Here’s something that’s completely uninteresting about me: My vision is terrible. It’s so bad that anytime I’m out and about, someone will inevitably look at my lenses and be like, “Whoa, you’re like really blind!” and I’ll respond with, “Yeah. I like really am.” Then they’ll ask what my prescription is and I’ll say something like, “-8000. I don’t know.” Finally they’ll ask me the most dreaded question ever which is, “Can I try them on for a sec?” I used to say yes and they would put on my glasses and be shocked. “Oh my god. I can’t see anything. Fuck man!” Meanwhile, I would just stand there not being able to see shit while slowly getting a headache and say back, “Yup. I told you.
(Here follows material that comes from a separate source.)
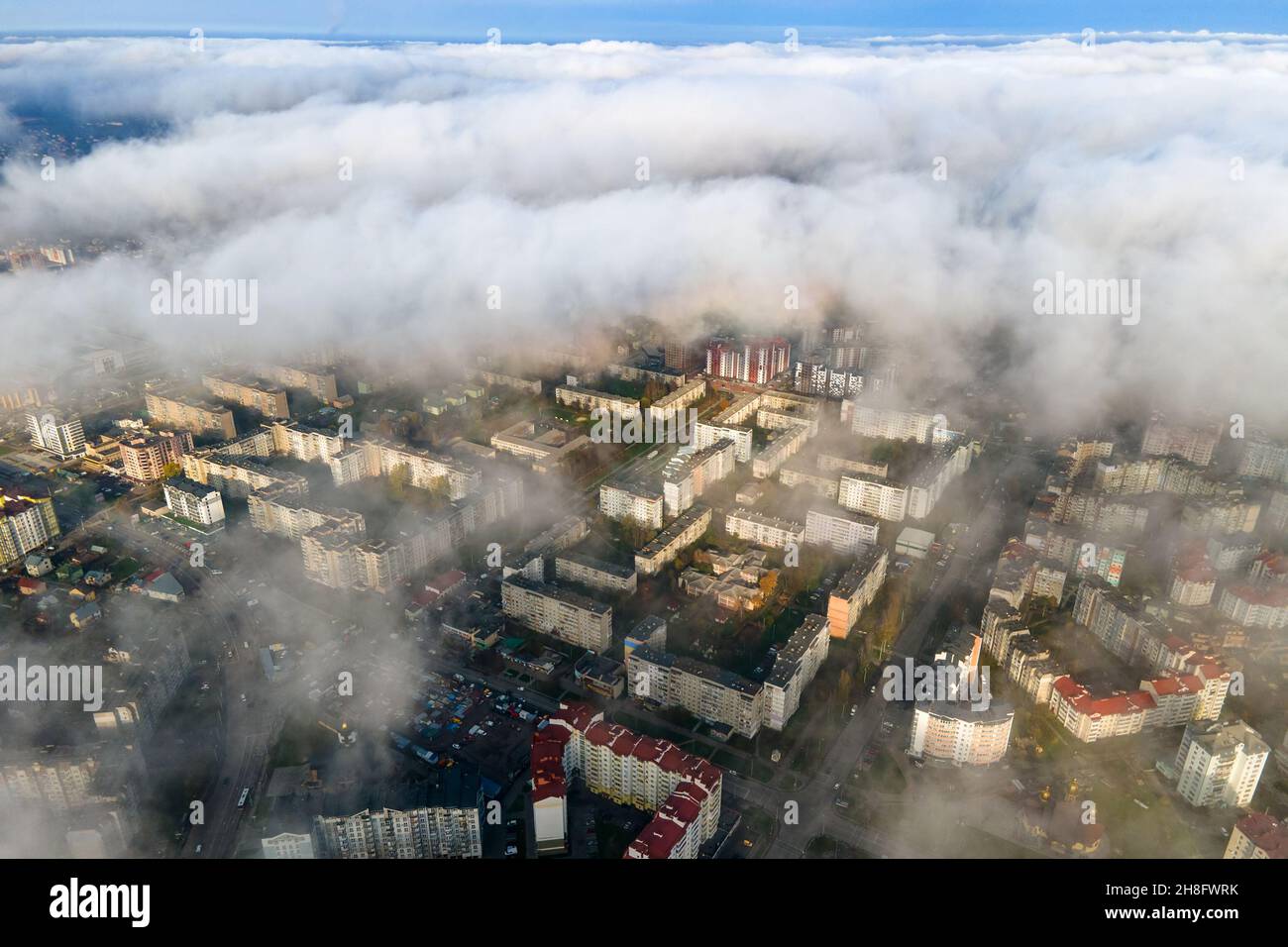 Top aerial view of fluffy white clouds over modern city with high rise ...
I’m blind.” This exchange became even more frequent when I started to wear a pair of glasses that looked eerily similar to Harry Potter’s. I ordered them four days before I was hit by a car and put them on for the first time in the hospital. With my giant cast, my morphine grin and nightgown, I looked like a total freak.

Even without a morphine drip and hospital fashions, the Harry Potter glasses still made me look a weirdo. But I ended up wearing them for four years anyway. Maybe it was some sort of sentimental attachment that compelled me to do so. It was as if they were a symbol of my survival because if I had died I would never have had the chance to wear them. Or something. I don’t know. The point is that people started calling me Harry Potter everyday and ask if they could try them on. I hated it. I eventually had to start saying no to people because it was getting so damn annoying. F.YI. if you’re blind, it’s not fun to be without your glasses. This one time my lens popped out while I was literally across the street from a Lenscrafter’s and I still managed to trip and eat shit while walking the 100 steps to it. So please don’t take my vision away from me so you can tell me how blind I am. I know. I can’t even see you when you’re telling me I can’t see. (#dark)

2. Give me a hickey

I don’t know what it is about me that invites such poor sexual etiquette but every guy I’ve been with has covered my neck in hickeys. Hickeys are only fun when you’re 16 and need physical proof that you’re hooking up. “Oh my god, look! Someone liked me enough to do this to my body. Jealous?!” Anytime after that though, hickeys are tramp stamps done to you by a thoughtless lover. They represent sexual immaturity, four mojitos and a moment of inattentiveness. I dated a boy for three months who I sort of treated like crap and as a form of passive-agressive revenge, he would give me so many hickeys on my neck. That’s right. Hickeys in your twenties are a form of revenge, not affection.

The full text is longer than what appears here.